Better fitting method than curve fit?

CentraCep · August 20, 2024, 1:08pm

Dear all,

I am working on an astronomy project, but to explain in relevant and layman’s terms, I am attempting to fit data, calculated from an equation using four parameters as open parameters, to observed data in order to calculate a realistic value for one of the open parameters. For the open parameters, I used a grid search based approach to iterate over initial values within the bounds of what is physically possible for the parameters.

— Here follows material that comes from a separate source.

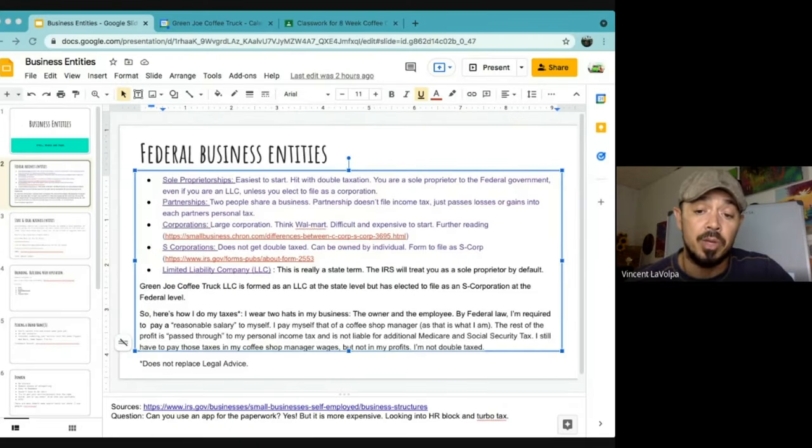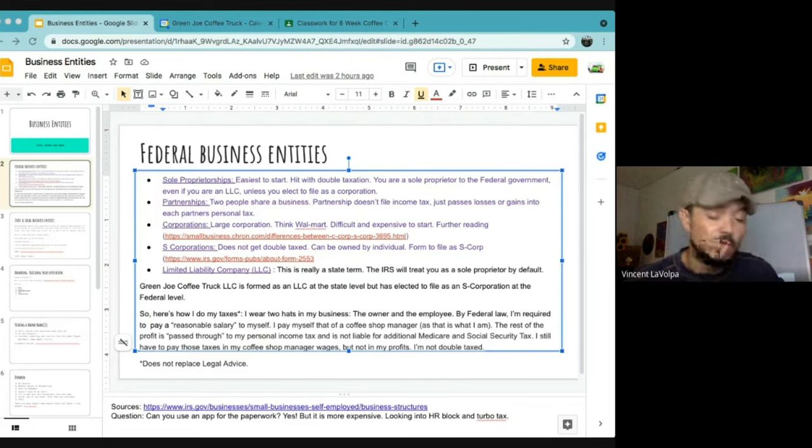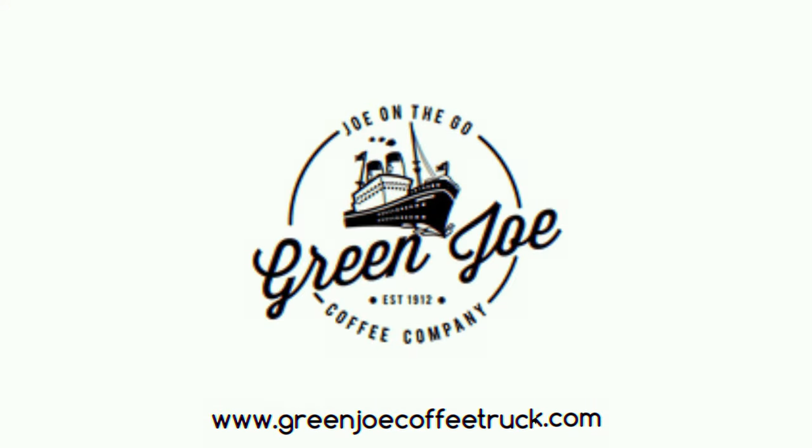Once all your cracks are filled and you've completely insulated your wall, just put your walls back up — put the plywood back up, put your trim back up, and you're done. That's my video on insulation. Thank you so much for tuning in. If you're interested in learning more, you can subscribe to the channel. My best stuff is saved for the masterclass, where we do weekly check-ins, consultation, business plan, how-to videos, and complete course content. Go to www.greenjoecoffeetruck.com to see it all there. My name is Vince — thanks for tuning in.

Here is the simplest version of my code:

import numpy as np
import matplotlib.pyplot as plt
from scipy.optimize import curve_fit
import pygyre as pg

delta_pg = 125
delta_nu = 32

# Function to extract frequencies and radial orders from the summary file
def read_frequencies_and_orders(summary_file):
    s = pg.read_output(summary_file)
    l_values = s['l']  # Angular degree
    n_pg_values = s['n_pg']  # Radial order
    freq_values = s['freq'].real  # Frequencies in micro Hertz
    return l_values, n_pg_values, freq_values

# Read the frequencies and radial orders from the summary file
summary_file = 'summary.h5'
l_values, n_pg_values, nu_values = read_frequencies_and_orders(summary_file)

# Filter to only include l=1 modes
l1_indices = np.where(l_values == 1)[0]
n_values = n_pg_values[l1_indices]
nu_values_l1 = nu_values[l1_indices]

# Filter to include l=0 modes for calculating the uncoupled p-mode frequencies
l0_indices = np.where(l_values == 0)[0]
nu_values_l0 = nu_values[l0_indices]

# Calculate uncoupled p-mode frequencies as the midpoint between consecutive l=0 modes
nu_np_l1 = []
for i in range(len(nu_values_l0) - 1):
    mid_point = (nu_values_l0[i] + nu_values_l0[i + 1]) / 2
    nu_np_l1.append(mid_point)
nu_np_l1 = np.array(nu_np_l1)

# Truncate nu_values_l1 to match the length of nu_np_l1
nu_values_l1 = nu_values_l1[:len(nu_np_l1)]

# Asymptotic relation for mixed modes with flexible delta_pg and delta_nu
def mixed_mode_relation(nu, epsilon_g, q, delta_pg_flex, delta_nu_flex):
    term1 = np.pi * (1 / (delta_pg_flex * nu) - epsilon_g)
    return nu_np_l1 + (delta_nu_flex / np.pi) * np.arctan(q * np.tan(term1))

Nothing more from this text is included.